Spleen Tyrosine Kinase (Syk), a non-receptor protein tyrosine kinase, is involved with immune cell signal transduction in B cell receptors, T cell receptors, Fc receptors and its inhibition can help treat the immune system overactivity in autoimmune diseases. While fostamatinib, an Syk inhibitor, has been approved by FDA for treating immune thrombocytopenia (ITP), the quest to find drugs with better Syk affinity and lesser side effects to treat the various immune dysregulations and autoimmune diseases is still ongoing. The aim of the project was to provide structural and dynamics analyses of Syk, investigate the effects of mutation and phosphorylation in the Syk kinase domain and also to discover novel Syk inhibitors in silico. The crystal structure of Syk complexed with R406 (active metabolite of fostamatinib) (PDB ID – 3FQS) was taken as control. Three mutations, Met450Ile, Ser550Tyr and Ser550Phe, and phosphorylation on the Tyr525 and Tyr526 residues were performed in silico to prepare different systems followed by conventional replica molecular dynamic simulations.
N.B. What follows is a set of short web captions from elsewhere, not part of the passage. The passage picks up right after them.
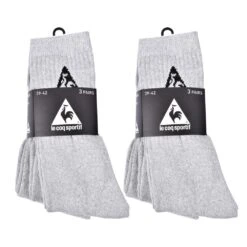 Chaussettes Homme Le Coq Sportif -Assortiment Modèles Photos Selon Arrivages- -Kappa Magasin chaussettes homme le coq sportif modele tennis assortiment modeles photos selon arrivages 1 34
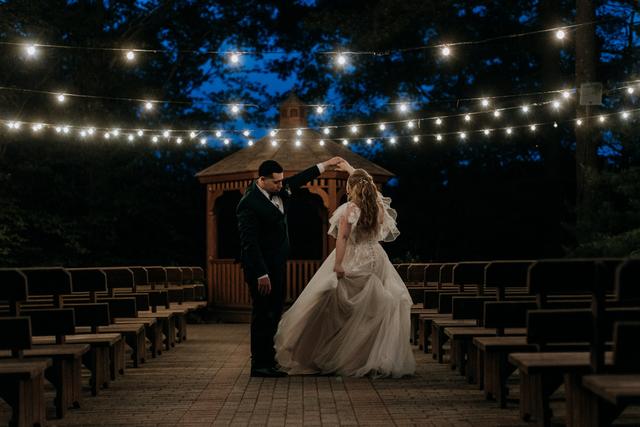 The Pavilion on Crystal Lake - 1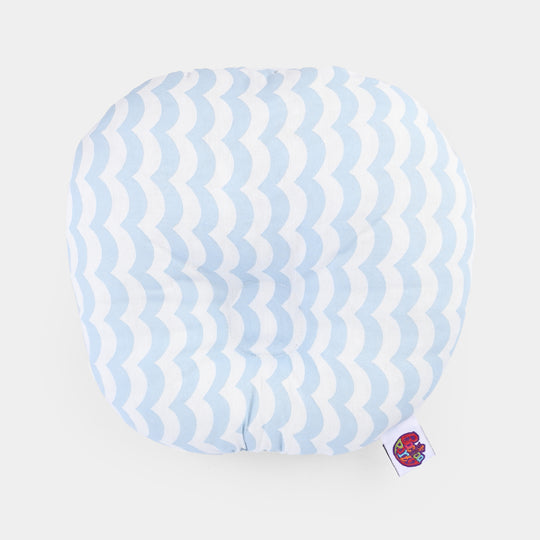 BP Baby Round Pillow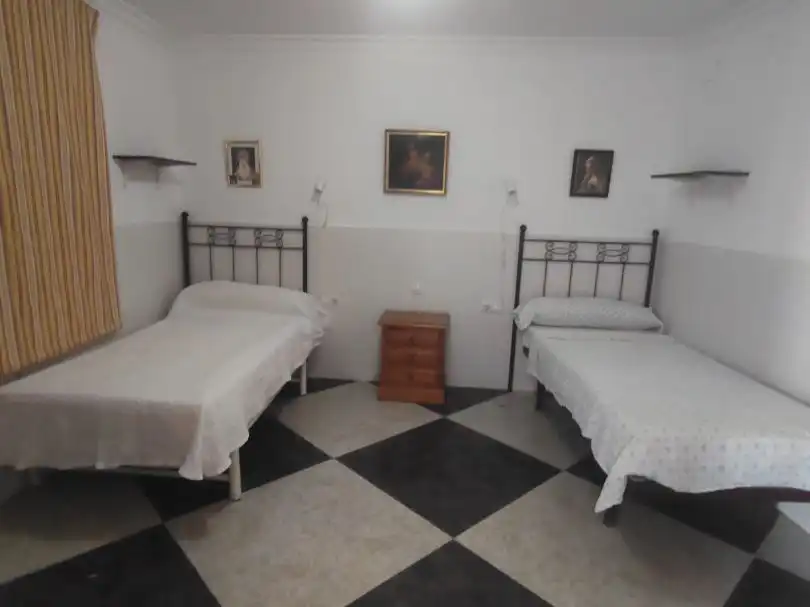 Bedroom of Houses for share in Carmona, Sevilla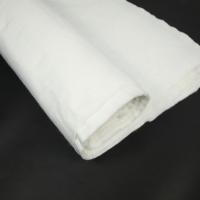 Tela não tecida 80g-1000g da drenagem do geotêxtil do polipropileno branco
Virtual screening of ligands were performed from the small molecule databases ‘AnalytiCon Discovery’ and kinase inhibitory library’ using the ‘Glide’ module of Schrödinger in HTVS (30%), SP (20%) and XP (10%) modes. A total of 17 molecules having docking score better than -9 kcal/mol were selected for ADMET profiling. 6 ligands showing favourable ADMET properties were further considered for conventional replica molecular dynamic simulation. Structural and dynamic properties were characterized by analysing the trajectories. The Molecular Mechanics Poisson-Boltzmann Surface Area (MM/PBSA) scheme was used to calculate the binding free energy. The results indicated no change in ligand binding affinity of Syk due to phosphorylation and mutations. Of the novel lead molecules, lead 1 showed the strongest affinity towards Syk, being comparable to that of our control ligand R406, which is already FDA approved. Overall, these studies would be helpful for understanding the structural and dynamic changes of Syk due to mutation and phosphorylation and help in developing a broad range of anti-Syk therapy.